As the days went by he began to look forward to seeing her, and began to keep an eye out for when she got off. It was not easy, he always seemed to miss her, and with the advent of summer she'd taken to hiding her hair in a baseball cap that shielded her eyes. Then it was obvious when he saw her. Most of the passengers alighted at the same place, the shop workers, hospital nurses, patients, and college students all shared the same stop.
Then one day, she did not have the money. She searched her purse, but all she had was cards. "Don't worry." He said. "Pay double tomorrow." She was so grateful, and the next day when she flashed him a warm smile, his heart felt like it missed a beat. From that day on they seemed to share a secret, the other passengers oblivious to their connection.
A few weeks later, a car hit a pedestrian in front of his bus.

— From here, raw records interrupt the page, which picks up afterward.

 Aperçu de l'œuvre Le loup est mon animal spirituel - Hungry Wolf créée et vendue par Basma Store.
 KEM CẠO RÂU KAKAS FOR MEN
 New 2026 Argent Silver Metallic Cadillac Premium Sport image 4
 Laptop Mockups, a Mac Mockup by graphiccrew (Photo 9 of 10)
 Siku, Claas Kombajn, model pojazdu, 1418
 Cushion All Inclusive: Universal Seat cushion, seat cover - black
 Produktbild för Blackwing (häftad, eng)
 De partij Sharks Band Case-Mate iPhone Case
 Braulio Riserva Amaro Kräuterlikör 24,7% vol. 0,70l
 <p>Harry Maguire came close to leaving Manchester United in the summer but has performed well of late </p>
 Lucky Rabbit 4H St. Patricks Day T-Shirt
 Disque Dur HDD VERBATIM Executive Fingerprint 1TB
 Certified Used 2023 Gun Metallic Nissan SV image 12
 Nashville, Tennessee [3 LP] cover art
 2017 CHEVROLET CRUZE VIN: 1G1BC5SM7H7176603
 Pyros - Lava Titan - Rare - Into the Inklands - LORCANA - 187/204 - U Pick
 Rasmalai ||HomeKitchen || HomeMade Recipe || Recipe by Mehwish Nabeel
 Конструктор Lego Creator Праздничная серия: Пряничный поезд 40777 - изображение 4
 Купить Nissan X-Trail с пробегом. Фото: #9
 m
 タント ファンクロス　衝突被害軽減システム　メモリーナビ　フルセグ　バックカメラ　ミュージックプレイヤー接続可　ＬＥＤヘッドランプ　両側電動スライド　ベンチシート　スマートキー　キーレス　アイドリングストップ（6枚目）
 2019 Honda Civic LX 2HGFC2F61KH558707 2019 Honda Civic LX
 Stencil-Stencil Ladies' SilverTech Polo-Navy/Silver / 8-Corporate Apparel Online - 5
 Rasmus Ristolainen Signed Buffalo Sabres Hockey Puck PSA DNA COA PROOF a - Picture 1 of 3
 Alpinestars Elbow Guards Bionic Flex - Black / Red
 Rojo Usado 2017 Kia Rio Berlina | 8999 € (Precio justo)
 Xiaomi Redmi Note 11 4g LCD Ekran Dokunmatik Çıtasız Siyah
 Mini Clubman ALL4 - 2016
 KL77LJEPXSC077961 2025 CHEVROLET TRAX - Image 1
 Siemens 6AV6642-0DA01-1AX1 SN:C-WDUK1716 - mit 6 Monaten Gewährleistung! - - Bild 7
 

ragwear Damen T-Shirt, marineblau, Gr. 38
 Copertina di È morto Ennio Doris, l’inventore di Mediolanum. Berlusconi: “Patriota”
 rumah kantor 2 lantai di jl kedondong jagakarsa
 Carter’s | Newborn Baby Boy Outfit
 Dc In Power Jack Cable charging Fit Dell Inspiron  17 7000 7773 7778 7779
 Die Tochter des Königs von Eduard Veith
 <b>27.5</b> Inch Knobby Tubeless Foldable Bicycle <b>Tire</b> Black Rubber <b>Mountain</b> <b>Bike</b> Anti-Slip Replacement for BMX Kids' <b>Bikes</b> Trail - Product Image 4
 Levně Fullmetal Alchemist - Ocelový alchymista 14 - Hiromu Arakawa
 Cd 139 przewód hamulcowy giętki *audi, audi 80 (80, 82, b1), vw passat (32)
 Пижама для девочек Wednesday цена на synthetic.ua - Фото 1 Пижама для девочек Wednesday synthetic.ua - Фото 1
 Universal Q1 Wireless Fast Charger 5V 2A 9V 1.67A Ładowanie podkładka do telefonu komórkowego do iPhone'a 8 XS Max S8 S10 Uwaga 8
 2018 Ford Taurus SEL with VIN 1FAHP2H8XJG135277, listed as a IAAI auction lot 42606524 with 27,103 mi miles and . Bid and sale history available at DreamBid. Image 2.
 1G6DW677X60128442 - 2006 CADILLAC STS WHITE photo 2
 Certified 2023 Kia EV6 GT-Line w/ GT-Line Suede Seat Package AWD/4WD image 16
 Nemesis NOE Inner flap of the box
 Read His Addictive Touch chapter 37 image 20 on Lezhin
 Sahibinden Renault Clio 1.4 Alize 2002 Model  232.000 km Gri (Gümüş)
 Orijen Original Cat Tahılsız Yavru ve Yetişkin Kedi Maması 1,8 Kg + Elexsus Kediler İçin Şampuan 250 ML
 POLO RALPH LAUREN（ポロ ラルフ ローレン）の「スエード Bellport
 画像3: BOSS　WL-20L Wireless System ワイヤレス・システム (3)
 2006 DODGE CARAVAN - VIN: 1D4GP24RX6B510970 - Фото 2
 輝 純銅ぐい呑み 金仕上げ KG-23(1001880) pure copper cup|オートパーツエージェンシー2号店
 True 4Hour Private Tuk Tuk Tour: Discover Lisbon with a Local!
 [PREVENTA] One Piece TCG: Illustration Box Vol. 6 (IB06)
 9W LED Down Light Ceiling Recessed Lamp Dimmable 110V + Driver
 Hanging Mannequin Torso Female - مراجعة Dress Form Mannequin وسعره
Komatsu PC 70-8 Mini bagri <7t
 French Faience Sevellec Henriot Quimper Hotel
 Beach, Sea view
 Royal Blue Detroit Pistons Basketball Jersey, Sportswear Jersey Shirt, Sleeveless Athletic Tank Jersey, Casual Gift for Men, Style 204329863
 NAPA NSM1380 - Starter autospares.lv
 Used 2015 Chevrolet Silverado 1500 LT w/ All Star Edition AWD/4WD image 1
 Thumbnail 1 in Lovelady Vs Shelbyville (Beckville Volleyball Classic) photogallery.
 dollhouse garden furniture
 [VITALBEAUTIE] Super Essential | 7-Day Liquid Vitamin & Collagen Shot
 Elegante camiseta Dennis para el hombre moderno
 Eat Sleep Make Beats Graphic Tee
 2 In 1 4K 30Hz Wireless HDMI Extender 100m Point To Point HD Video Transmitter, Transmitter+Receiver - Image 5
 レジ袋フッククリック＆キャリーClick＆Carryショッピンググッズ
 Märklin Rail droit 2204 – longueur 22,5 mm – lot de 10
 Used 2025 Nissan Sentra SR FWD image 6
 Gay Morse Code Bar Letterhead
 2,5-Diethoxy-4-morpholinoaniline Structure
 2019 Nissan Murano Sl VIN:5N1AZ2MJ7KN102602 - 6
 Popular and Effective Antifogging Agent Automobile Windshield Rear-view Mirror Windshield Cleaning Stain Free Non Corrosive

There were other passers by, and he was grateful that he could stay in his little shell. The ambulance arrived quickly and whisked the man away. But it still made him late. When he arrived at her stop, she seemed sick with worry. She had grown thinner over the weeks, and seeing her made something in him hurt. But she was relieved that he had turned up at last, and he felt proud that he had been able to help her.
As time went by, and autumn returned, she dispensed with the baseball cap, revealing her short cropped hair. Then one day she was waiting at the stop carrying a small suitcase and an overnight bag.
"Single ticket for zone 1, please." She asked.
"Ah." He replied. "I've already punched for a return."
She bit her lip slightly. "Here," He said, tearing it off. "Take the return. After all, you never know!"
As he handed over the ticket, their hands touched for the first time. "Yes. You never know." She said, and smiled back at him.